A world with algorithms watching our faces, measuring our words, determining who goes to jail, who gets frisked at the airport—most of that world has already arrived or is coming. Rather than be alarmed, some of the best-informed minds on the subject welcome algorithmic rule.

David Cope is rare in that he’s renowned as an artist and a programmer. He has written reams of code in Lisp, a complicated computer language favored by developers in the AI community, while also composing operas and symphonies that have been performed by elite orchestras around the world. A leader in the creation of AI programs that compose original music, Cope has watched classical music aficionados mistake some of his algorithm’s compositions for the work of Johann Sebastian Bach.

Whereas the author Nicholas Carr argues for more piloting of planes by humans, Cope thinks the better answer, the obvious answer, is to get rid of humans in the cockpit altogether. Even Cope is surprised at how quickly algorithms have marched toward mastery of society. When I asked him three years ago if he thought algorithms could ever compose an original novel, his reply was curt: “No.” When I asked him again this year, he’d changed his mind. He’s currently working on that very thing at his home in Santa Cruz, California.
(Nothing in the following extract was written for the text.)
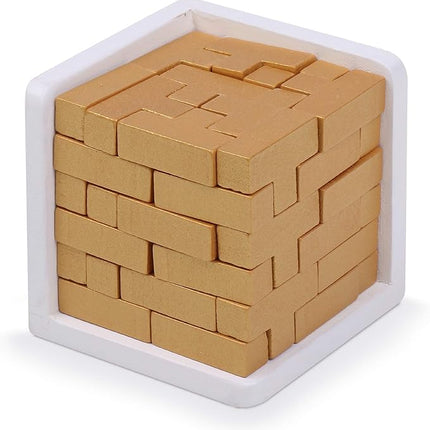 Original 3D Wooden Brain Teaser Puzzle: Engaging 3D Puzzle Box for Kids 8-12 & Adults, Desk Toys Delight, Challenging Games & Wooden Puzzles for Adult Brain Boost (Golden Edition)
“It’s natural for humans to both fear and find disgusting matters in which a machine can do better than or replace them,” says Cope. “We’re insecure when it comes to that. When machines can play chess or create something better, it’s damned maddening. But I think we’re gaining something. We can think on a higher level. We can now have these people who have been displaced doing something more interesting.”

More interesting than driving a car, for instance, is designing the software that drives it for us. And as Google, Audi, BMW and several other companies’ self-driving autos have shown, machines have already surpassed humans in this capacity. But not everybody is a software engineer. Cope concedes that some people may lose their jobs to algorithms three or four times over their careers. The key, he says, will be retraining oneself at a higher level to use the newest technology.

“It seems to me that on every level whenever we can get a machine to do a job,” Cope says, “we should do it.”

We simply must hope that by the time algorithms are doing everything that they enjoy having their original creators—the soft, corporeal, needy and primitive versions of wetware called humans—around for company.